Tuesday, December 30, 2008

It Gets Pretty Dirty


What on earth do you do when you realize that you aren't living up to your husband's wildest dreams?


It gets pretty dirty in the winter. Well....the car does, but I guess that I don't. Kevin wrote this message to me and we decided it was funny enough to leave it on the window so that others could enjoy it.


When Amanda left Mom's house, her kids read the message on the window and asked her what THAT meant. She called to say that I was in trouble because she had to tell her kids that it meant "nothing."

Sunday, December 28, 2008

Pomegranate, Grapefruit, and Avocado Salad


Mom makes a great fruit salad.

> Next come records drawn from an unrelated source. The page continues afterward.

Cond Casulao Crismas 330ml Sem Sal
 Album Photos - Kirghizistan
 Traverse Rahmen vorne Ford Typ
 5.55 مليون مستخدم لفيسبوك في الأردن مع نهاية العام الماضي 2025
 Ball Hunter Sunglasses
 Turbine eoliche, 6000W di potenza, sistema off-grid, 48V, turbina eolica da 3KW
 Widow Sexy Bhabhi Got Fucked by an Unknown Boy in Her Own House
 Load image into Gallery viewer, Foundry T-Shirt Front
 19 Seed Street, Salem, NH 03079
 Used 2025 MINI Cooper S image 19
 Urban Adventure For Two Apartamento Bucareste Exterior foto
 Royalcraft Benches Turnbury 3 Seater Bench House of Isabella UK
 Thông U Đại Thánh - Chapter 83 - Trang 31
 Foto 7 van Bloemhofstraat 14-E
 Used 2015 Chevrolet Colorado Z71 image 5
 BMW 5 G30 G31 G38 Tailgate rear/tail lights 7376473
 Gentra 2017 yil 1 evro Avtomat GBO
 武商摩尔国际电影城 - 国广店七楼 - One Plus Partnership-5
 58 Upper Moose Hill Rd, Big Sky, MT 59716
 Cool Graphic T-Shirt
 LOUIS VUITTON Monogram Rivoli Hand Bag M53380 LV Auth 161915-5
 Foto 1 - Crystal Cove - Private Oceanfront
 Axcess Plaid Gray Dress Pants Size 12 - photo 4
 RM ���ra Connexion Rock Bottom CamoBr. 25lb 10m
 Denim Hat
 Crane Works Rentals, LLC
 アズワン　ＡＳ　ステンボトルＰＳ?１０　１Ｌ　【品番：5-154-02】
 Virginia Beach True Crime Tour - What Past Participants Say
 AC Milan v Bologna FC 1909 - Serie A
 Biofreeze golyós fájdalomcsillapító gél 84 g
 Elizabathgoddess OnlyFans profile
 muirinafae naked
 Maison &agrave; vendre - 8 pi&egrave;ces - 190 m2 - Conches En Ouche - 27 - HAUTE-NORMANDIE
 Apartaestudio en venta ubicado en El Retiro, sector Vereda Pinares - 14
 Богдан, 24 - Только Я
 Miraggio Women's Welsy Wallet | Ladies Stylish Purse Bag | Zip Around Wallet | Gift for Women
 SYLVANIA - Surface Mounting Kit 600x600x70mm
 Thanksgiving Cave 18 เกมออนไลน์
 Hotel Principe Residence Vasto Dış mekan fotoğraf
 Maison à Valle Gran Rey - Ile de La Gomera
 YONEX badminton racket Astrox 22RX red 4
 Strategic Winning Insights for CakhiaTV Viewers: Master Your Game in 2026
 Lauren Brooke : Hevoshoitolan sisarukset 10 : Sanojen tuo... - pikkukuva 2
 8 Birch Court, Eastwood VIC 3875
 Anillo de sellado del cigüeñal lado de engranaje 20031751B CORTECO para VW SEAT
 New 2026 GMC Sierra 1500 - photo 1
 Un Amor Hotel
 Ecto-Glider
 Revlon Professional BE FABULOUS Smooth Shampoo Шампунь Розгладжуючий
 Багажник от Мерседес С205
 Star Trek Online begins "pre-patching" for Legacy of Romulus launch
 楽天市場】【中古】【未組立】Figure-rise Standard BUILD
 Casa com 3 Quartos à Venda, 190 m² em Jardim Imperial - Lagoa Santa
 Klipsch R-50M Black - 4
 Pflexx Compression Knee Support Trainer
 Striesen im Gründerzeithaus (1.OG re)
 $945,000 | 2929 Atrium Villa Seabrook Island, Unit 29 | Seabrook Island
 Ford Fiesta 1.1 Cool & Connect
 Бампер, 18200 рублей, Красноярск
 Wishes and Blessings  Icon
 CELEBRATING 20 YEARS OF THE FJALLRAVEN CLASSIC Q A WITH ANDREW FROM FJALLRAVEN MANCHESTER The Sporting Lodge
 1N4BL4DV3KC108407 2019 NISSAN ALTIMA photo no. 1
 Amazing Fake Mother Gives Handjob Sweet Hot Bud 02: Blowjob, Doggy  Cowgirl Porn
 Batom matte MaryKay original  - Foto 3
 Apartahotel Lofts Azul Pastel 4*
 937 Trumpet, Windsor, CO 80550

She wouldn't let me take a picture of HER with her salad, but she did let me take a picture of the salad in her gorgeous bowl. It doesn't sound like it would taste very good, but the flavors play together and it is surprisingly yummy. It is a bit of work because getting the seeds out of pomegranates and cutting the grapefruit sections is a time consuming task. If everyone pitches in and helps it goes a lot quicker, but it isn't something I would personally conquer on my own.

Pomegranate, Grapefruit, and Avocado Salad
3 grapefruit
2 small avocados
1 pomegranate
Cut the skin off the grapefruit and then cut out the sections. All the tartness is in the skin, so be sure to get all the skin off. Cube up the avocado, trying not to mash it too much. Bribe someone else into peeling the pomegranate. It seems to take forever and Dad is way faster than I thought humanly possible at peeling pomegranates.

Enchilada Sauce with Aunt Linnie

Not only is Aunt Linnie beautiful, she also makes a mean enchilada sauce. Kristin had gotten her hands on a jar of it a couple of years ago and I got to try it, and ever since I have been craving another taste of her magic sauce.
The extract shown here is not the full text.